**What you have to do:** Leave the pictures out and reproduce all the entries word for word.

**Provided data:**
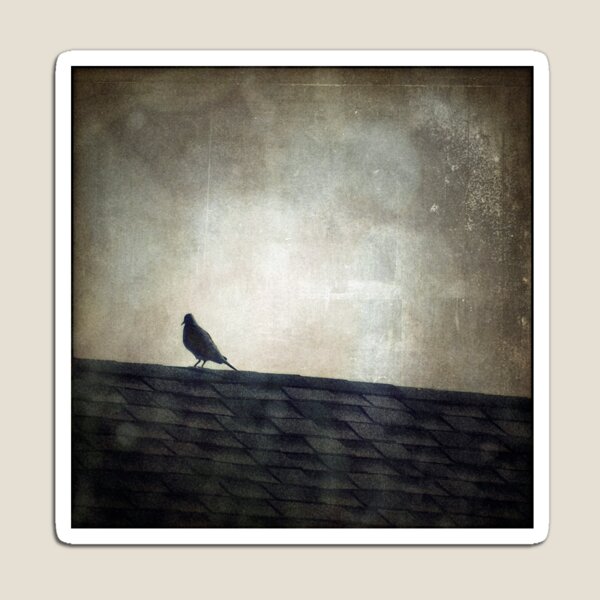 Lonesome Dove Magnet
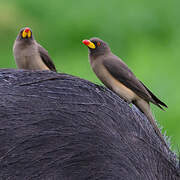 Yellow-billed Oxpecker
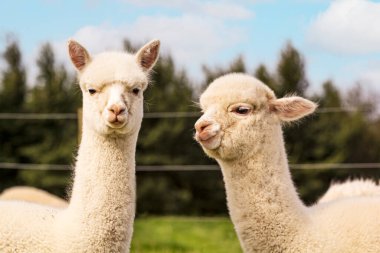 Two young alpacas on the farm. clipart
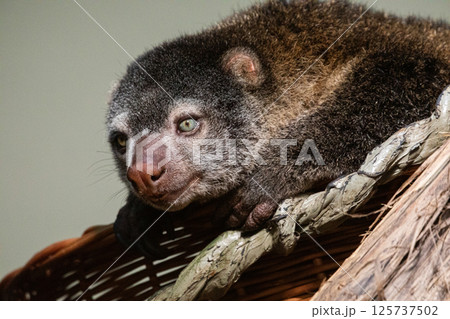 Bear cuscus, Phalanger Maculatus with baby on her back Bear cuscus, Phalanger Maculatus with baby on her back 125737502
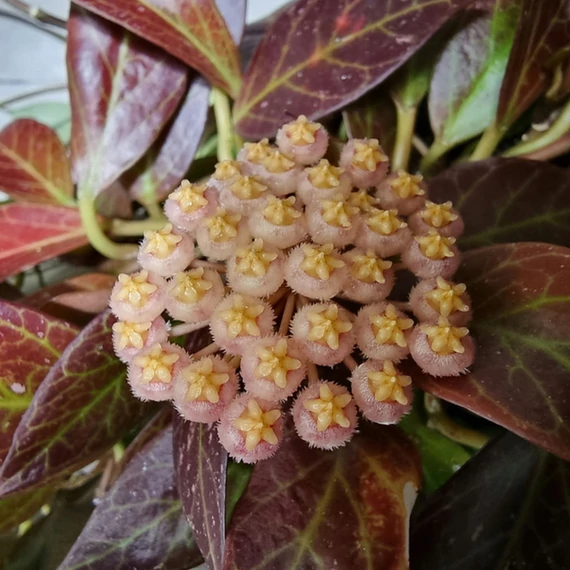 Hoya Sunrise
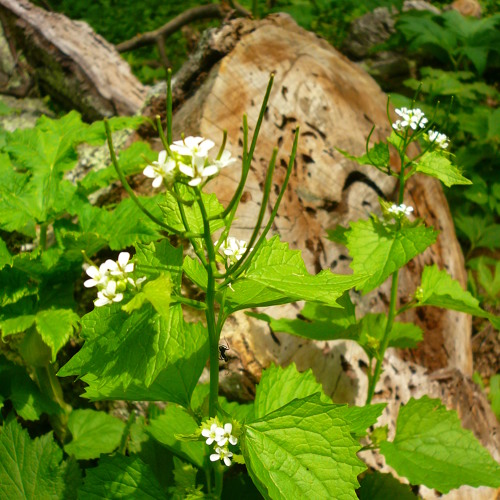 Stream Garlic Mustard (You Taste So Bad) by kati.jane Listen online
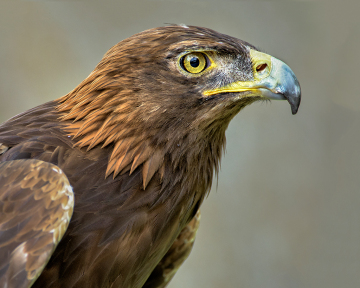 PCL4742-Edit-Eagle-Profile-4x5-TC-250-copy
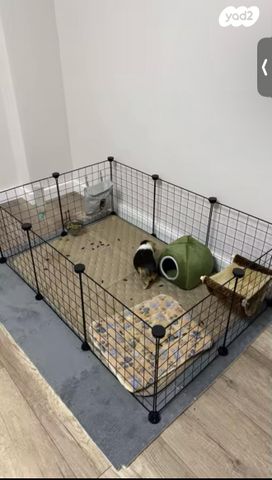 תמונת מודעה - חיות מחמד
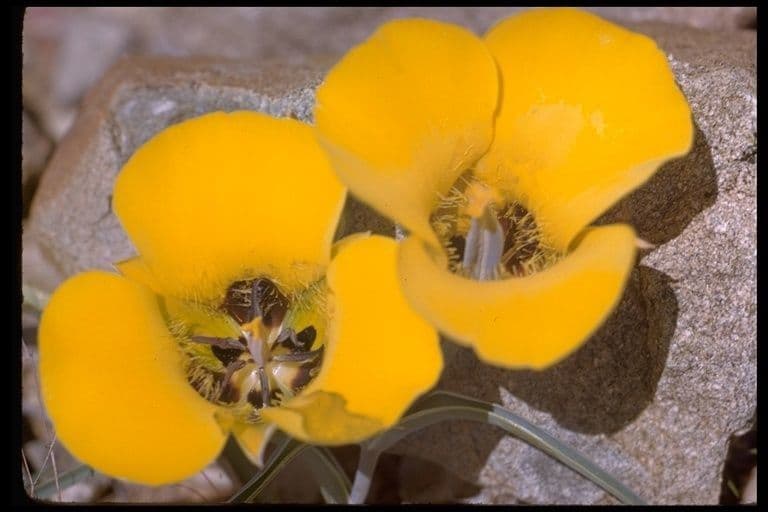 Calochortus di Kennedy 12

**The completed task:**
 Lonesome Dove Magnet
 Yellow-billed Oxpecker
 Two young alpacas on the farm. clipart
 Bear cuscus, Phalanger Maculatus with baby on her back Bear cuscus, Phalanger Maculatus with baby on her back 125737502
 Hoya Sunrise
 Stream Garlic Mustard (You Taste So Bad) by kati.jane Listen online
 PCL4742-Edit-Eagle-Profile-4x5-TC-250-copy
 תמונת מודעה - חיות מחמד
 Calochortus di Kennedy 12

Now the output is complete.